Walking across the stage of the community center to receive his associate of arts degree seemed unlikely, however, when he first arrived in Fallon, not able to speak the language.
"I thought I couldn't do it -- it was way too much," he remembered. "But it got easier. "
He enrolled in English classes then received his high school equivalency diploma in 1996. He joined 385 students in receiving 421 associates degrees and certificates from Western Nevada Community College.
Ugalde plans to attend the University of Nevada, Reno for a bachelor's degree in business administration in hopes of moving into a management position at Carson City's J.C. Penny where he works.
Crowds filled the community center beyond capacity during the commencement exercise honoring the largest graduating class in history. People were asked to move out of the aisles into the foyer where a large screen and chairs were set up to comply with fire codes.
Las Vegas mayor Oscar Goodman congratulated students as the ceremony's keynote speaker.
He told how he and his wife moved to Las Vegas in 1964 with $87 between them -- and a "fine education."
It was that education, he said, that enabled him to become one of city's premier criminal defense attorneys, and rise to fame as the lawyer to the mob.

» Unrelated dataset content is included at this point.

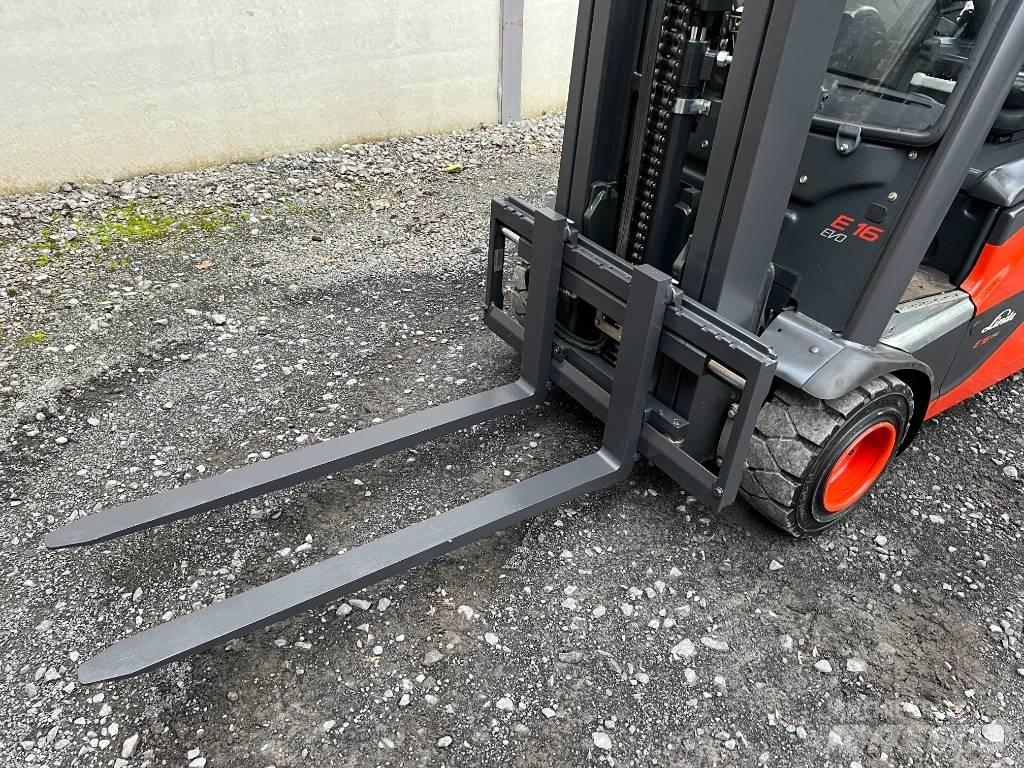 Linde E16-02 EVO 電動堆高機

"I am blessed because I am the luckiest man in the world ," he said. "I am the happiest man alive. Some people say I'm too much of a dreamer but I believe you can achieve anything you dream."
As an attorney Goodman said he most enjoys defending the unpopular and the poverty stricken to guarantee that, regardless of status, everyone is treated equally.
Yaraseth Lugo, 21, wants to use her education to benefit others as well.
She plans to pursue dual degrees in elementary education and social work.
"They're the two professions where you can really help," she said. "In teaching you can change a child's life and in social work, you can guide people who didn't get that chance earlier in their lives."
Regent Howard Rosenberg spoke of the importance of education in not only making a living but in making a life.
It is a philosophy Charles Lawson, 61, subscribes to. Although retired from his career as a construction project manager, he received his associate's degree and plans to further his education with a business degree from UNR.
He is running for Lyon County commissioner, where he has lived for 31 years, and may pursue a law degree.
"It's something I just want to do -- to be educated. I want to set an example for my grandchildren," he said. "I just never seemed to have the time while I was working and raising a family. Now I have time."
Lawson has three children and six grandchildren.